Starting at the first line of the entries below, restate each line exactly until you reach the line with "Born to Race", and print that one too. Leave the pictures out and stop there.

DATASET CONTENT section start

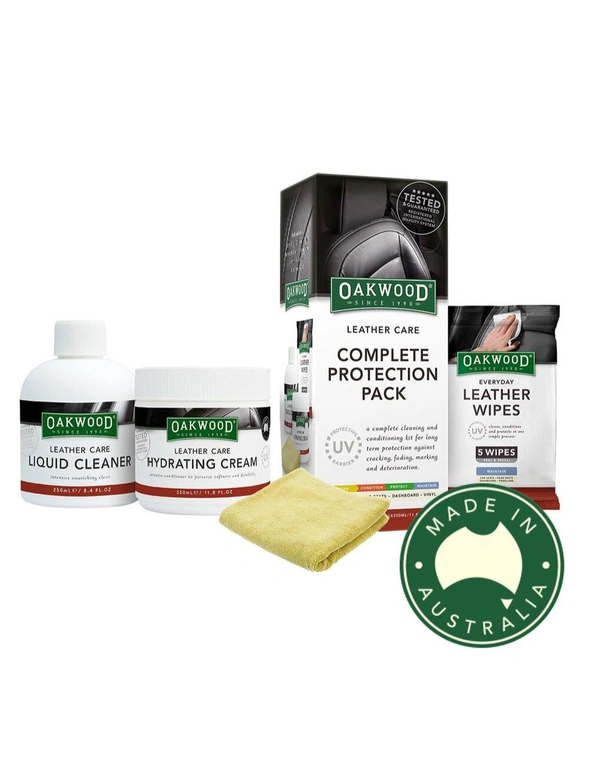 Oakwood Car Interior Leather Care Complete Protection Pack, hi-res image number null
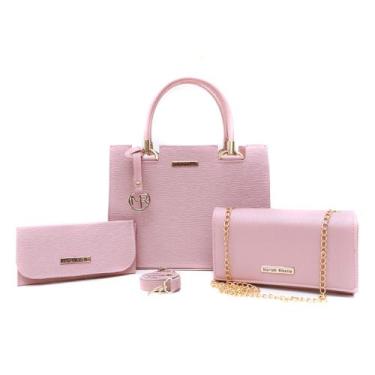 Imagem de Bolsa kit castelo 3 peças exclusiva - MARIAHRIBELLO, Rose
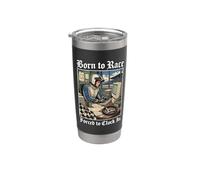 Born to Race Forced to Clock In - Workaholic Racer Bicchiere termico in acciaio inox doppia parete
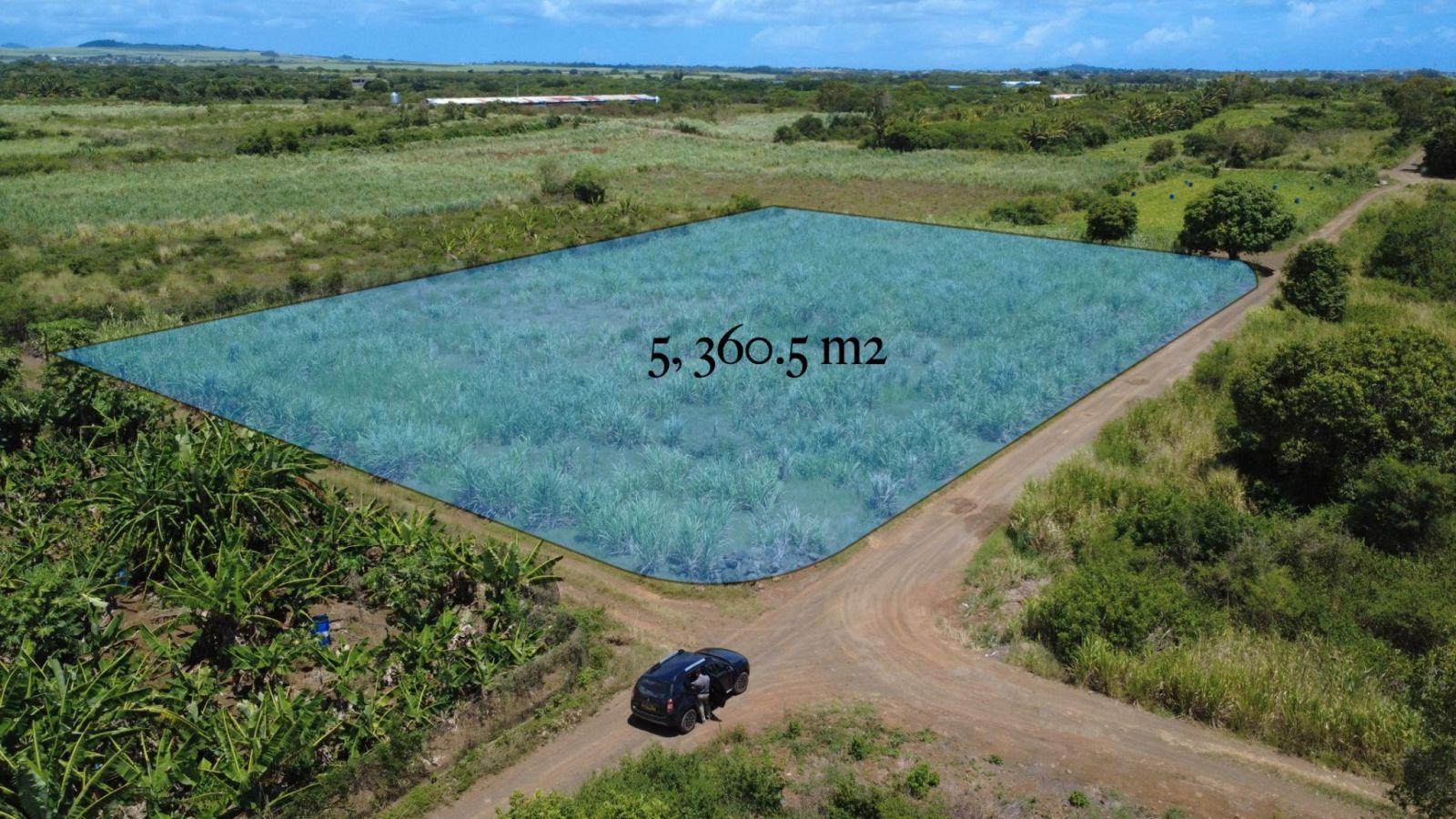 Agricultural land of 5360 m2 for sale in Rivière du Rempart, north, Mauritius – LexpressProperty.com | 774491 | Ref01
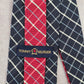 Tommy Hilfiger USA Blue Red Striped Silk Executive Plaid Geometric Neck Tie Men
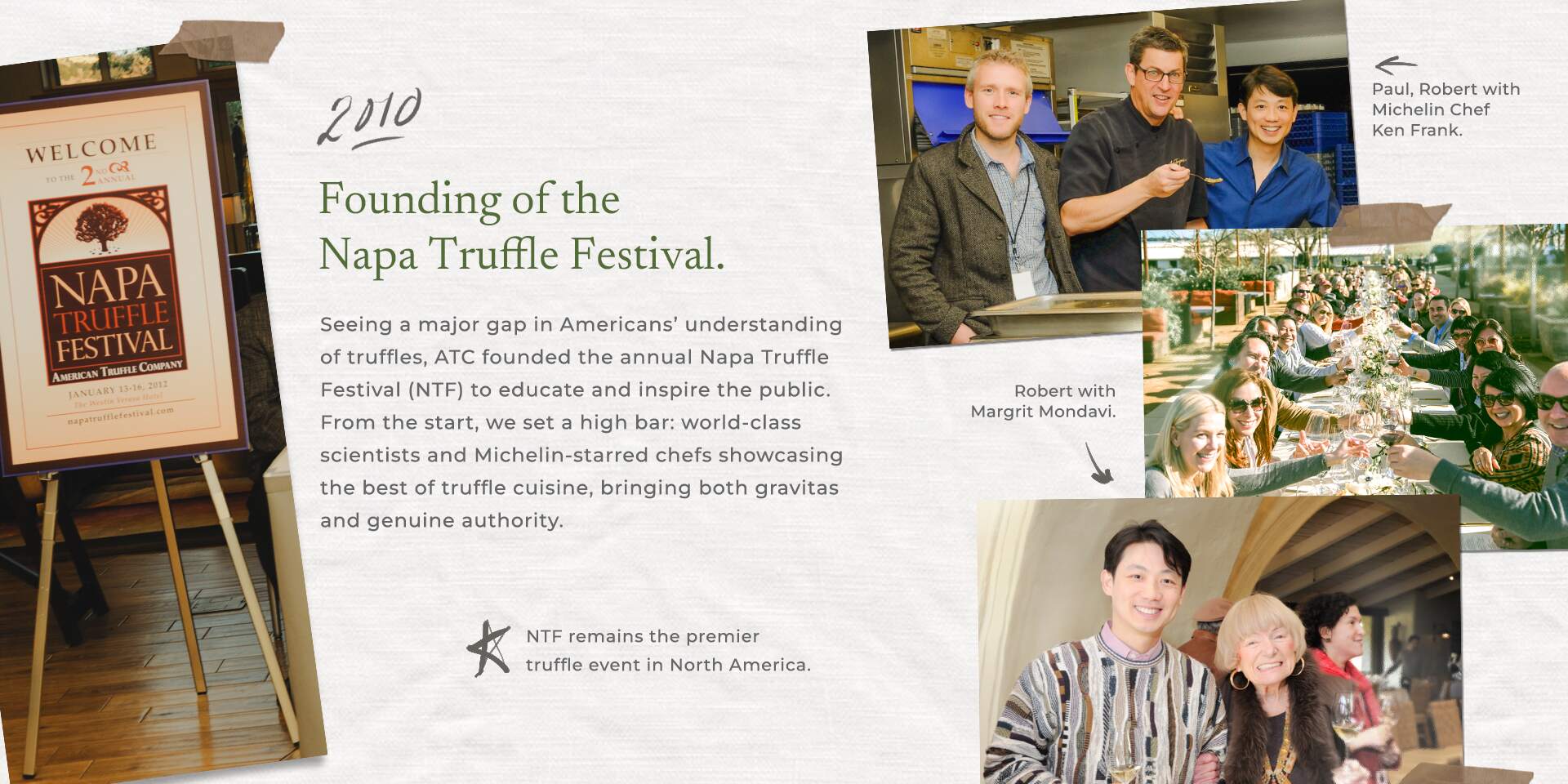 2010, Founding of the Napa Truffle Festival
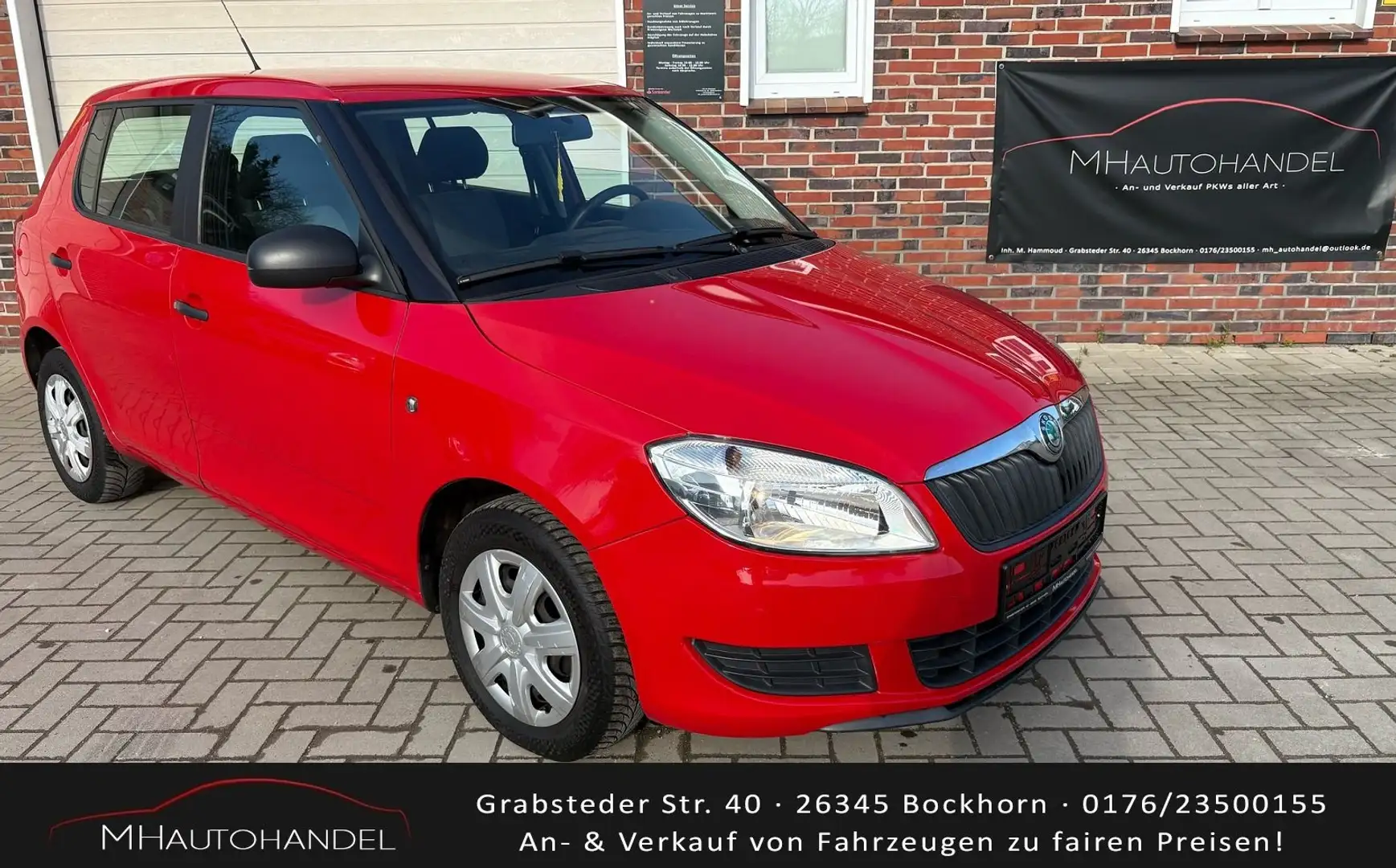 Skoda Fabia Classic 1.2 *2.Hand*AHK*Klima*Allwetter*Finanzier* Rouge - 1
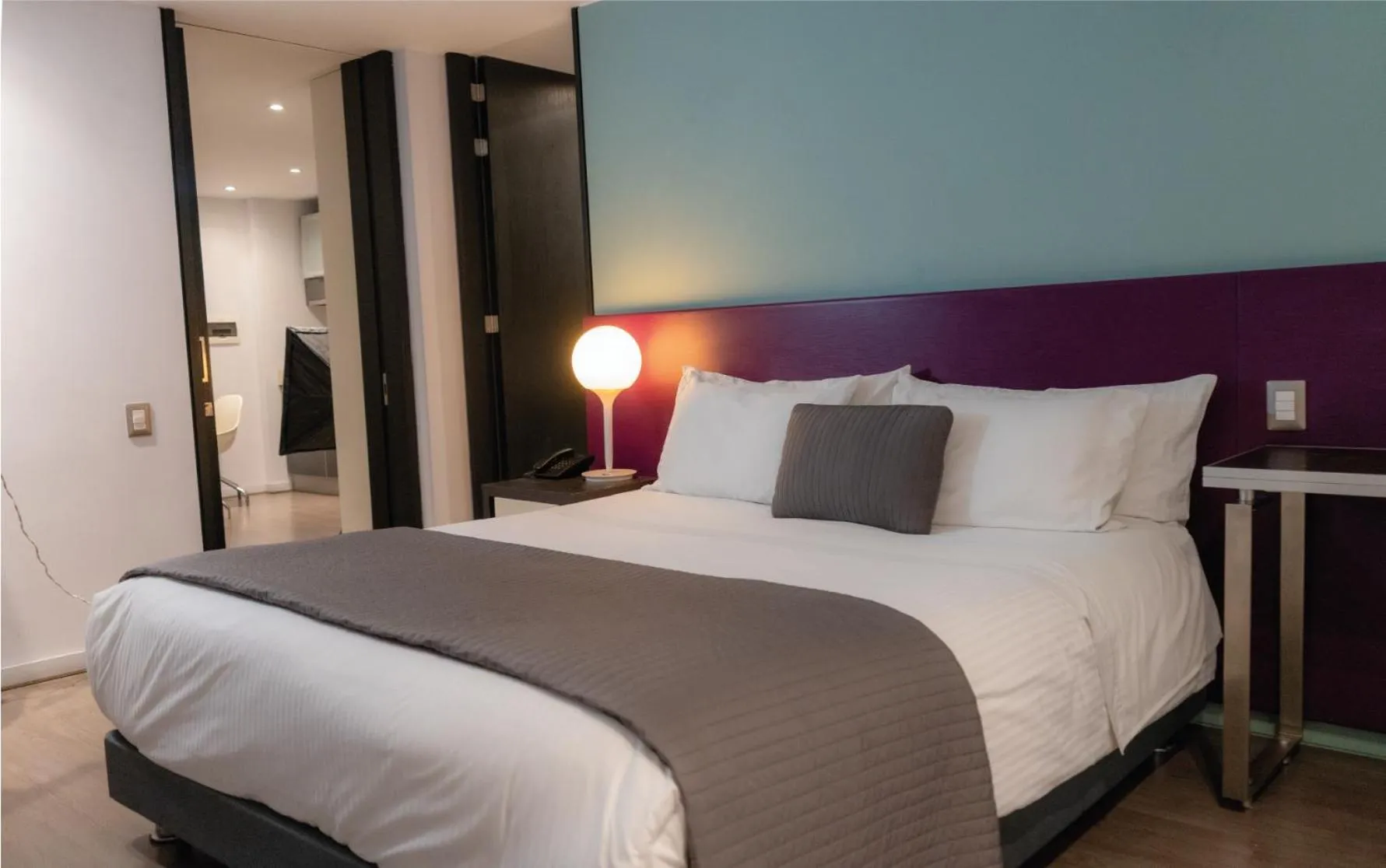 Bedroom, Bed in Central Apartamentos Bogotá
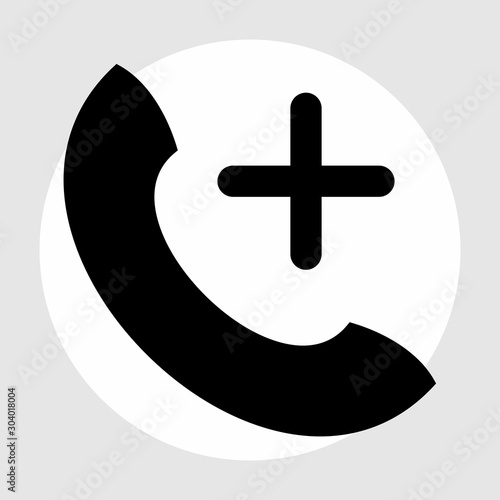 help line icon isolated on abstract background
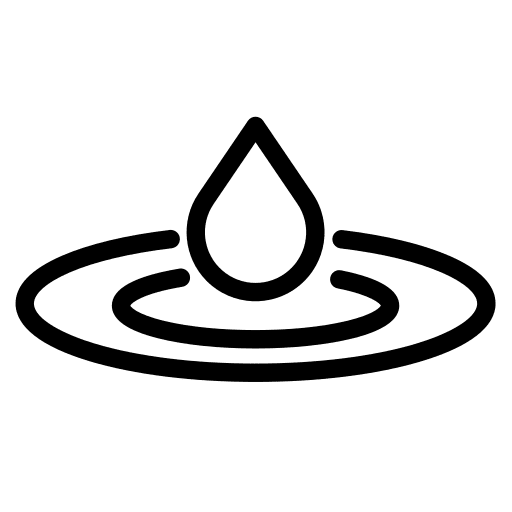 Drop waves rain nature icon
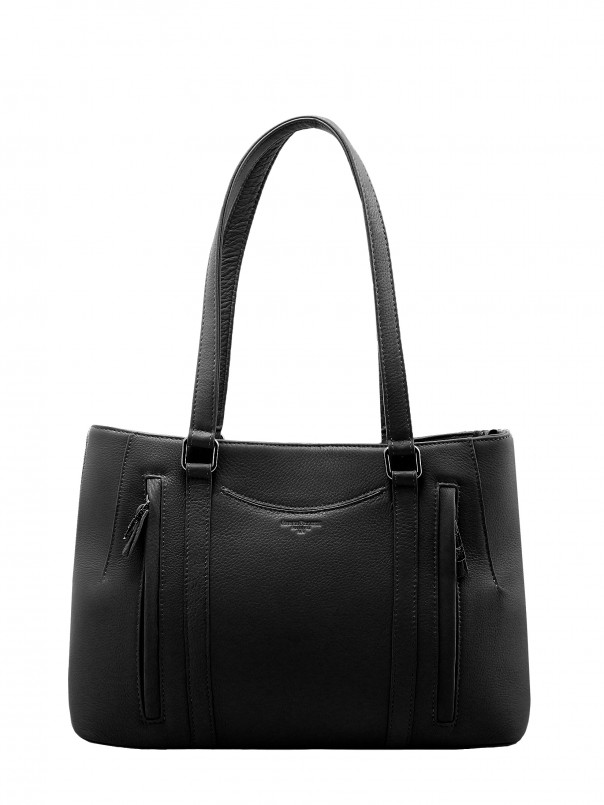 Сумка женская Giorgio Ferretti 2019001C D15 nero GF черный, 24х38х12 см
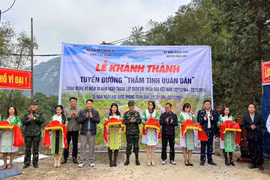 Cao Bằng: Khánh thành tuyến đường “Thắm tình quân dân” tại xóm Cốc Phia, xã Quang Trung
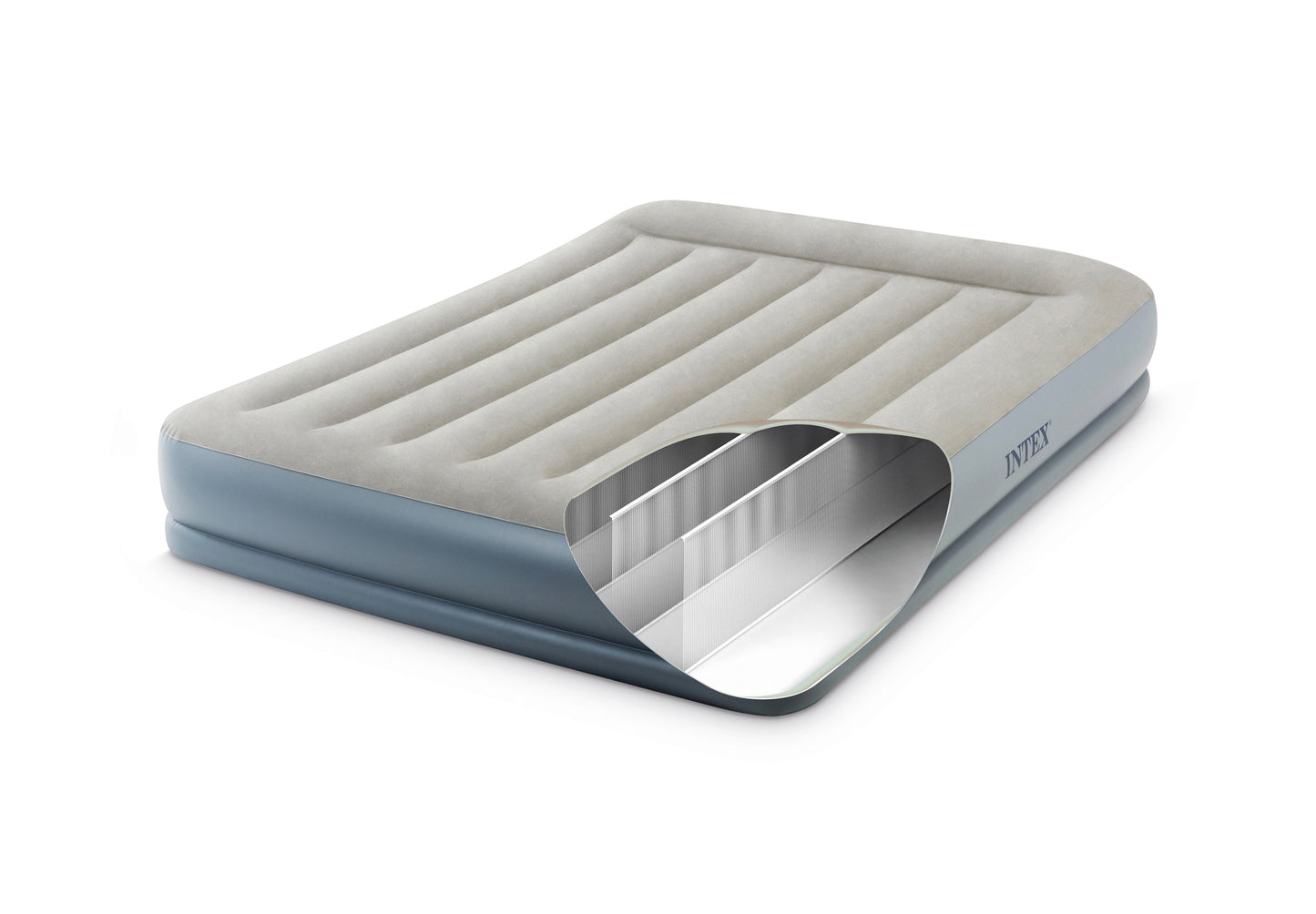 INTEX Queen Dura-Beam® Air Mattress w/ Built-In USB Electric Pump 64118 - Image 9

DATASET CONTENT section end

• _YOUR SOLUTION_
 Oakwood Car Interior Leather Care Complete Protection Pack, hi-res image number null
 Imagem de Bolsa kit castelo 3 peças exclusiva - MARIAHRIBELLO, Rose
 Born to Race Forced to Clock In - Workaholic Racer Bicchiere termico in acciaio inox doppia parete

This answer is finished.